> [What is required]:
Further down are entries; set down exactly and only the lines from the one with "اعلان .. استمارة" up to and including the one with "路滑线组成品套装带漂全套自动找底矶竿海钓免调漂路亚滑漂钓线组", dropping each picture.

> [Dataset entries]:
---+---

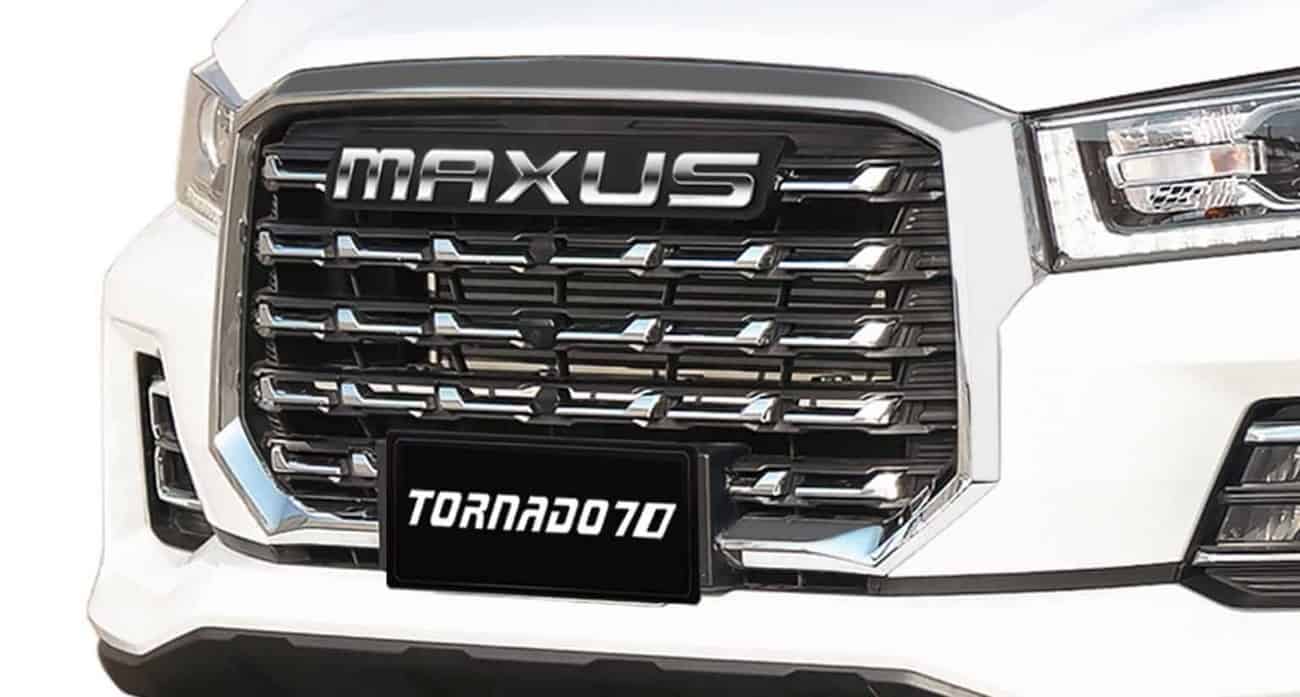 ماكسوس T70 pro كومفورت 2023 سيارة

---+---

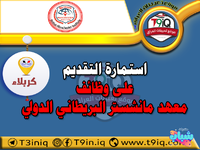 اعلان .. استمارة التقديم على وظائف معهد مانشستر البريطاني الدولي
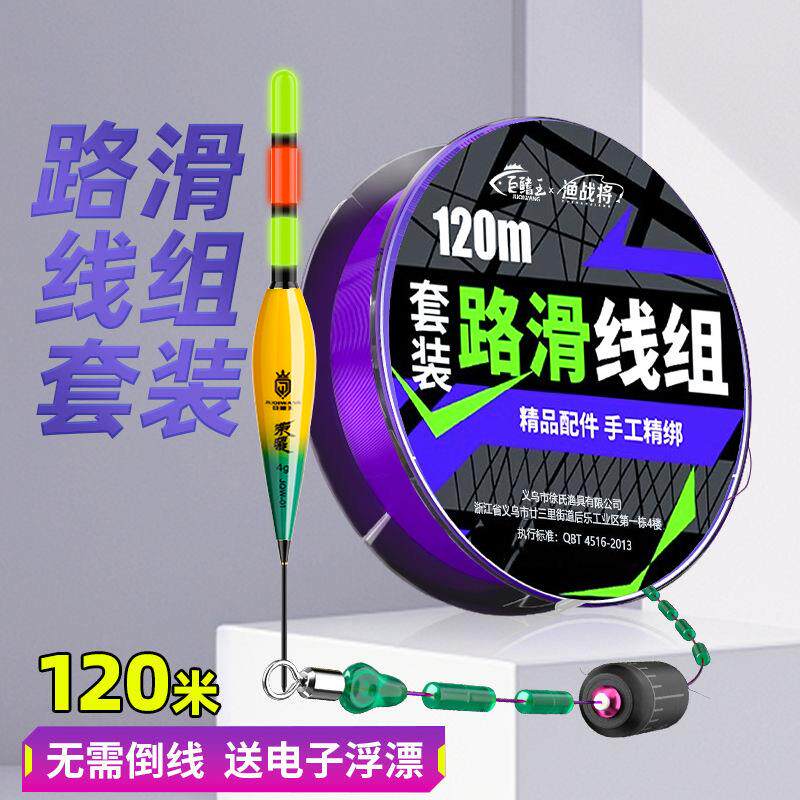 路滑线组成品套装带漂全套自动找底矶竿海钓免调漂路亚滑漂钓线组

---+---

> [Task response]:
 اعلان .. استمارة التقديم على وظائف معهد مانشستر البريطاني الدولي
 路滑线组成品套装带漂全套自动找底矶竿海钓免调漂路亚滑漂钓线组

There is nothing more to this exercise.